『パラノイドパーク』65点(100点満点中)
PARANOID PARK 2008年4月12日、シネセゾン渋谷他にて全国順次ロードショー 2007年/フランス・アメリカ/85分/配給:東京テアトル ピックス

誤って人を殺してしまった16歳少年は、その後どうするのか?

意図せず他人を殺してしまった少年の心理を描く『パラノイドパーク』は、同じガス・ヴァン・サント監督がコロンバイン高校銃乱射事件犯人への理解を試みた『エレファント』(03年)の姉妹編ともいうべき作品。

スケボー好きの16歳の少年アレックス(ゲイブ・ネヴァンス)は、アナーキーな若者が自分たちで作った公園"パラノイドパーク"に出入りするようになる。基本的にはマジメ学生のアレックスとは違う、ちょっと悪くてカッコイイ奴らがそこには大勢いた。やがて彼らと行動を共にするアレックスは、ほんの冒険心で挑んだ列車飛び乗り遊びの最中、とんでもない事件を起こしてしまう。

さて、思い出すのもおぞましい形で人を死なせてしまうアレックスだが、わずか16歳のティーンはそんな時、何を考え行動するのか。離れて背後から見つめるだけだった『エレファント』から一歩踏み込み、ガス・ヴァン・サント監督は少年の横顔をクローズアップする。

大変な事件が起きたというのに、それに呼応する登場人物の心の動きは信じがたいほど静かで冷たい。あらすじから予想するような大きな動きは何もなく、良い意味で面白さはまったくない。原作はあるが、ガス監督による改変が大いになされている。
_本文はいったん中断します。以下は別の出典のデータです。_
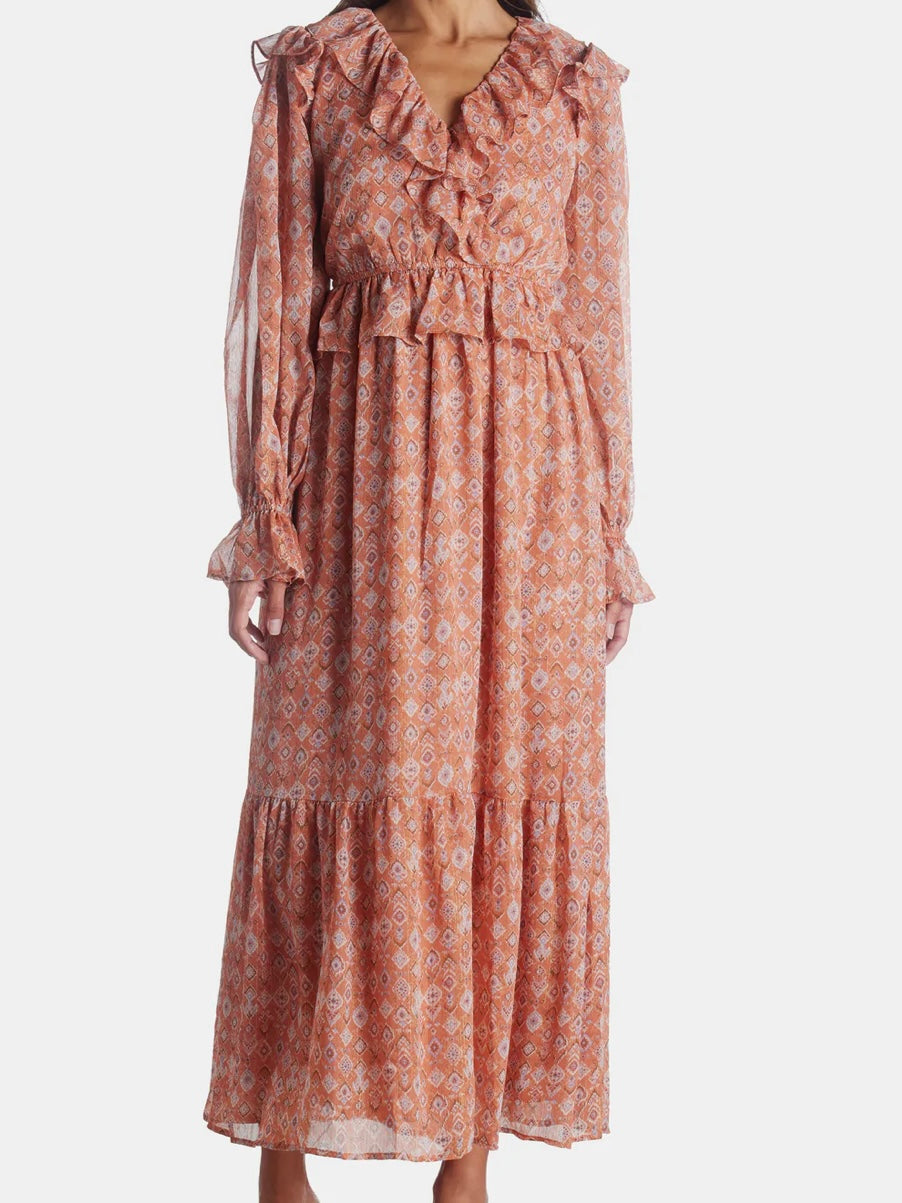 moon river ruffle sleeve shirred midi dress Ruffle Sleeve Shirred Midi Dress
本作で意識してみて欲しいのが撮影クリストファー・ドイルによるカメラワーク。まるでスケボーの動きのようにゆらゆらと舞う映像は、時系列をばらした構成と共に、行ったりきたりを繰り返す不安定なティーンエイジャーの心を表現しているかのよう。

この撮影監督は『恋する惑星』(94年、香港)などウォン・カーウァイ監督とのコンビで知られる名手。解釈を観客にゆだねる、いわば投げっぱなしにする本作のような映画では、「絵に物を言わせる」そのテクニックを純粋に堪能することができる。
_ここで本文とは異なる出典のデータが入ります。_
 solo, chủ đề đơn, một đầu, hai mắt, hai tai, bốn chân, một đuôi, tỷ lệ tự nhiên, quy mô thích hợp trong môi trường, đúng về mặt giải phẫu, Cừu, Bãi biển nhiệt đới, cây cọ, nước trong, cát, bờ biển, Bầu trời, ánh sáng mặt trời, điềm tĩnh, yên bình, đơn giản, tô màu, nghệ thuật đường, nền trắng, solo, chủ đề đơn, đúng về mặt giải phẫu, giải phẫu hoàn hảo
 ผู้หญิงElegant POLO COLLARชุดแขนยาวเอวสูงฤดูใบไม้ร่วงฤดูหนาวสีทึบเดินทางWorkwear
少年少女の心に近づくガス・ヴァン・サントの試みはおおむね成功しており、小説版と違う主人公の行動にも違和感はない。さて、皆さんはどう思う? と問いかけるようなラストも悪くはない。……が、それでも今回は「別にどうでもいいよ」としか思えなかったのもまた事実。被写体に近づく監督の視点と逆に、私のそれは劇中の人物から離れるばかりであった。

とはいえ、技巧の確かさを感じさせる良作であるのは間違いない。トンネルのような配水管の向こうにあるのは出口か、それとも……。その先は皆さんの心で感じて欲しい。